Because so many more people accepted their admittance to Yale this year than expected, space is at a premium, said Nicole Shiflett ’06, a freshman counselor in Calhoun.

“The administrators basically said [to the Calhoun freshman counselors], ‘You know, we’ve heard people talk about ‘psycho singles.’ We don’t have them. We’re not going to be able to move people into them,'” Shiflett said.

At colleges like Branford, which has more stand-alone singles, keeping one or two rooms empty is a little bit easier.

“There are always a few spare rooms that we can use for emergency issues,” Branford Master Steven Smith said.

But the image most students think of when they talk about these rooms is incorrect, Smith said. The spare rooms are not apart from the rest of the college, but are integrated. And they are not any different from the other rooms, he said.

For a junior who also chose to withhold his name to protect his roommates’ privacy, a single was waiting for him when the situation with his suitemates became desperate. And, he said, it was very much like the common perceptions of those rooms: It was next to his college dean’s office, and it had a button to press for medical emergencies.

The junior’s problems with his freshman-year suitemates began as soon as he met them. An international student, he was placed with three white athletes from the same city.

“From the first day, I felt like the different person in the room,” he said. “They wake up at the same time in the morning, they always watch T.V., drink beer, eat pizza. I felt really lonely in that room. They were sometimes making fun of me, even making fun of the fact that I come from a different country and have different manners.”

At the same time, the junior said, he was constantly cleaning the suite, while his roommates refused to lift a finger. The trash was overflowing; spiders had taken up permanent residence in the common room. The students could not resolve any of their problems without help, the junior said, so he went to the college dean.

The dean told him there was a single free in his college. The dean would let him live there the remaining five weeks of the fall term, but wanted him to leave most of his belongings in his old room, just to continue to have a presence there and have a relationship with his suitemates. They would revisit the question after break.

So the junior moved into the empty single, but returned to his room occasionally. At the end of the five weeks, the suitemates had apologized and seemed to have matured, he said. He returned to the suite for his second semester.

“It wasn’t the best semester I had, but we say hi, and we talk now,” he said.

Situations like the junior’s that begin with mediation and end up resolving themselves exemplify how room issues are ideally handled, administrators and freshman counselors said.

“We put a very strong emphasis on working out problems,” Shiflett said. “We live with such different people, with such diversity. The point of putting us together in certain rooms is to get a really diverse group in a single suite, and so there are going to be issues.
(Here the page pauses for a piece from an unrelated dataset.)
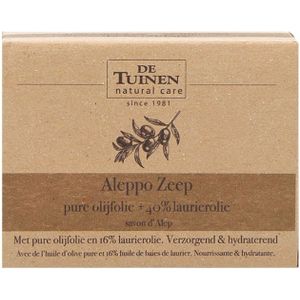 De Tuinen Aleppo Zeep pure olijfolie + 40% laurierolie - 150g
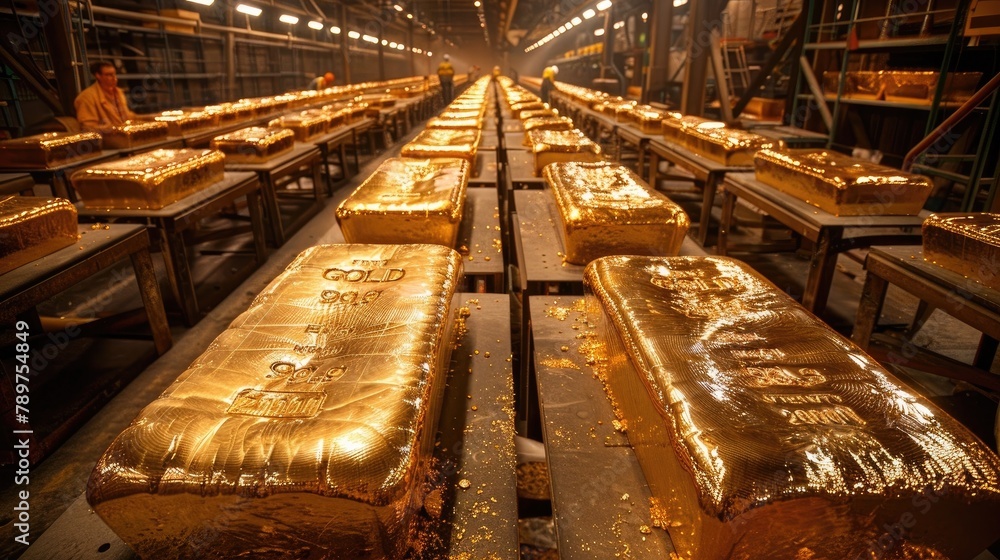 Gold Refinery Workers Meticulously Crafting Pure Bullion Bars Through Advanced Techniques - obrazy, fototapety, plakaty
But that’s the point. You’re going to have issues with people, and you are going to have to deal with them.”

First, Shiflett and others said, the suite should try to solve their problems themselves. They should then bring it to the freshman counselors. If nothing works, the issue goes to the college’s dean, who will ultimately decide if anyone should move.

For one Pierson junior, the process simply took too long.

Issues with her freshman-year roommate began in September, she said. She and her roommate met with the college dean and three freshman counselors. Ultimately, though, mediation failed, and the roommate moved into an immediately available empty single in Swing Space. By the time the move occurred, it was mid-October; the junior felt the move should have occurred earlier.

“If two people can’t stand each other, it’s not our fault; you put us together,” she said. “If [the college] had an open room, they should have just fixed it immediately.”

Still, there is no hard-and-fast policy for room switches, administrators said. Each case is individual, and some may take longer to resolve than others.

“There are some situations where we will speak to students and we feel they haven’t tried hard enough, and there are others where you go in and you realize it’s just reached a breaking point,” Smith said. “You have to go with what feels right.”